Bob Axsom

Well Known Member
I was out at the airport working on a cowl mod when up walked Cris Ferguson telling me that the man I gave a ride to a week or so ago is going to sell his Swift and buy an RV-7 kit. In the course of conversation about drag reduction he mentioned the posibility of adding a fairing to the leading edge of the wing where it joins the fuselage. He said the current thinking has moved away from the full wing root fillet toward a small leading edge cuff only. Has anyone tried this on an RV?

Bob Axsom
 
Tracy Saylor RV-6

Tracy has a very fast RV-6 on the west cost. He tried the big swoopy wing body fairing and found it did nothing. He went back to the flat metal cuff and rubber seal.
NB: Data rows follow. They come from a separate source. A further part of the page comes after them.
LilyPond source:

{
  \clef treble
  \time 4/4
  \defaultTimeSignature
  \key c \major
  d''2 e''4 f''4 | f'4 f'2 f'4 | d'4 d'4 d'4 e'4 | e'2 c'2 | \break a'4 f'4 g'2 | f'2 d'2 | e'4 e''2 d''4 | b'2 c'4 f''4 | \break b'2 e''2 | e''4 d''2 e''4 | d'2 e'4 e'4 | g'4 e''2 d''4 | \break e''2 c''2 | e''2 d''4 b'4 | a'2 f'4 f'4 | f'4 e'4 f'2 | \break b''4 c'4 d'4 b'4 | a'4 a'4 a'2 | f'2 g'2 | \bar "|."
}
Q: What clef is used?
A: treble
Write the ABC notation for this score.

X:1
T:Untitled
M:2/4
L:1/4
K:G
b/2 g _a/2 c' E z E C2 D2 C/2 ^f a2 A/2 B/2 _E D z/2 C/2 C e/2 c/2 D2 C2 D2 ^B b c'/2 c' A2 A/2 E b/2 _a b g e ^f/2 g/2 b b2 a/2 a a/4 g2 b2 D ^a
The original RV-4 had the LE cuff and than sheet metal fillet the rest of the way. This is verses the current flat metal filler and rubber seal. I had the old style on my RV-4 and switched to the new way of closing the wing / body gap. I prefer the latter. It is cleaner looking. As far as speed I never really measured it because I made many changes and did not keep track of it, but doubt it made much differnce by it self, although my plane went faster with the flat cuff, but that was no doubt from other changes made at the same time.

I found that the LE cuff ends up having details like where it meets the side of body and is draggy. For some reason the fillet fairings are just not that effective. Sam James sells a whole fiberglass side of body set up. I guess if you put it on and used body filler it can't hurt. However from a building stand point it is more work, more holes in the body and weight.

Dave Anders with the fast RV-4 just has the flat fairing and rubber seal, no curved cuff.

I think it is just cleaner and lighter to go the way Van does it now.

George
 
You are probably right

You are probably right but I may do some experimenting with some cuff type leading edge only fillets. I think I threw away all of my modeling clay when I moved but that is the way I would go about it - clay molds and fiberglass. If I came up with a version that actually improved the speed, I would install a couple of platenuts in the flat closure strip (one bottom, one top) near the leading edge wrap around and tie the forward extension to the fuselage with sheetmetal screws. It is not an urgrent thing but I appreciate the actual experience information you provided. My opinion is if there are any gains they would be caused by the elimination of some parasitic drag right at the impact point of the leading edge where it butts up against the fuselage. Cris designed and built the biplane for Jeff Lo that is nudging up against 300 mph and he is always looking for any little peformance gain he can get. I'm not quite that radical but it's addictive.